No domain-knowledge baseline. Without one, there is no way to assess whether the model provides value beyond a simple rule. Stakeholders will ask "couldn't we just flag the biggest billers?" We need a quantitative answer.

Random CV splits leak future information. A model trained on 2022 data and validated on 2019 data has seen the future. Forward-chaining temporal CV is the only valid approach for data with a time dimension.

Undersampling before splitting. If the majority class is undersampled globally before creating CV folds, every fold sees the same negative examples. The model overfits to those specific controls, and cross-validation estimates become optimistic.

When to Use This Approach

This pipeline fits well when:

The positive class is rare (1-15% prevalence)
Data has a temporal dimension that matters
The operational question is "who should we investigate first?" (ranked retrieval)
Interpretability matters alongside performance
The dataset is moderate-sized (thousands to low millions of records)

Less suitable when:

Classes are roughly balanced (standard CV and accuracy work fine)
The problem is purely predictive with no ranking/prioritization need
Data volume exceeds millions of records and training time matters. Gradient boosting on the full dataset with scale_pos_weight may outperform undersampling

Alternatives Worth Exploring

This pipeline is one way to handle class imbalance. Several other approaches are worth considering, depending on the dataset and operational constraints.

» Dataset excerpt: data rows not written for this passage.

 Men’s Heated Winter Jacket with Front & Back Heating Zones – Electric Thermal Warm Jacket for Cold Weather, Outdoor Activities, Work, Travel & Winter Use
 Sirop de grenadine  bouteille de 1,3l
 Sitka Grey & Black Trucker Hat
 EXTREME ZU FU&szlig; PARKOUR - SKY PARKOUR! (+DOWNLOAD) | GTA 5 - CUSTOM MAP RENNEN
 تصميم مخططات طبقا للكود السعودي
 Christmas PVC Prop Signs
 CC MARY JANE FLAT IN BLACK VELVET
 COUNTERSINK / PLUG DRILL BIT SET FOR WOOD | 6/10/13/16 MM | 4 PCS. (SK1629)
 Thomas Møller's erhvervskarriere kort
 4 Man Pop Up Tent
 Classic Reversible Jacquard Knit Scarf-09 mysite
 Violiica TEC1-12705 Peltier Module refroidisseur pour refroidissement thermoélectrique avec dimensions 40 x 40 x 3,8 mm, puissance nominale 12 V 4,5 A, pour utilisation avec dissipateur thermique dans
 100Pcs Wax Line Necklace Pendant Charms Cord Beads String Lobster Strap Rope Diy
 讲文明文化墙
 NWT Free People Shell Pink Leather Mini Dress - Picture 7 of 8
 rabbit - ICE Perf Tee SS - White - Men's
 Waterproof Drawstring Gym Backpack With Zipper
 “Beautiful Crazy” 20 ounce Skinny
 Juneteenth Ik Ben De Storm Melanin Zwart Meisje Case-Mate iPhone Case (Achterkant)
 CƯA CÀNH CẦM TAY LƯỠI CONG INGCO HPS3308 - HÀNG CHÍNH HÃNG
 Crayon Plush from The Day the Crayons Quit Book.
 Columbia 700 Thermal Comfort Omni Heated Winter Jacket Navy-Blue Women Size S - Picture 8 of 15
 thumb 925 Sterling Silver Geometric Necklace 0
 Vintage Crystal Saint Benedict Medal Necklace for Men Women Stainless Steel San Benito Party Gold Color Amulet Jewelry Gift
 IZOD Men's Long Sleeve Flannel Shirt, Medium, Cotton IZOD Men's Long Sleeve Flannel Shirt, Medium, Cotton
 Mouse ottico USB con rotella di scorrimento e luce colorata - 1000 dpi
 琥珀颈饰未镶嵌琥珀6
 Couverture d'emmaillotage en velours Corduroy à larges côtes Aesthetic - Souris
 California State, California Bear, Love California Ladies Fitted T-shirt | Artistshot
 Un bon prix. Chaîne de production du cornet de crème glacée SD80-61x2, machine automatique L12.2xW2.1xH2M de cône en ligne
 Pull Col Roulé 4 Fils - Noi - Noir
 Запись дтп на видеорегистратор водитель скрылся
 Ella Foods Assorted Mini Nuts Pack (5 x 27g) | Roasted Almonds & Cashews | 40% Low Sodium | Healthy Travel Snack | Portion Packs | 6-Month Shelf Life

LightGBM and CatBoost often match or exceed XGBoost with faster training. CatBoost handles categorical features natively, which avoids one-hot encoding overhead.
SMOTE and its variants (Borderline-SMOTE, ADASYN) generate synthetic minority examples instead of discarding majority ones. Results are mixed in the literature; undersampling tends to be more robust for fraud-like problems where the minority class is heterogeneous.
Deep learning (tabular transformers, TabNet) can work for very large datasets but rarely outperforms well-tuned gradient boosting on structured data below ~1M records.

Limitations

A few caveats worth noting:

Undersampling discards information. With a 3:1 ratio and ~3,500 positives, we use roughly 10,500 of ~34,500 negatives per fold. The discarded negatives might contain patterns the model never sees. Ensemble approaches (training multiple models on different negative subsets) can mitigate this.
Temporal CV reduces effective training data. Fold 1 trains on only two years. If the signal is noisy, early folds may underperform simply due to sample size, not model quality.
Precision@k depends on the k. Reporting precision@5% assumes the investigation unit can handle 5% of the population. If capacity is 1% or 15%, the metric needs to shift accordingly. Always align k with operational reality.
Feature engineering is not covered here. The pipeline assumes features are already constructed. In practice, feature engineering (interaction terms, rolling averages, provider-network features) often matters more than model choice.

Code Availability

The complete implementation is available in phase3_classifiers_v2.py, which includes all preprocessing, temporal CV, model training, and evaluation logic in a single reproducible script.

References and Notes

[1] AUC-ROC values of 0.92-0.96 and PR-AUC of 0.85-0.91 reflect performance across 5 temporal folds on the Medicaid biller dataset described here. Results will vary with different feature sets, imbalance ratios, and temporal structures.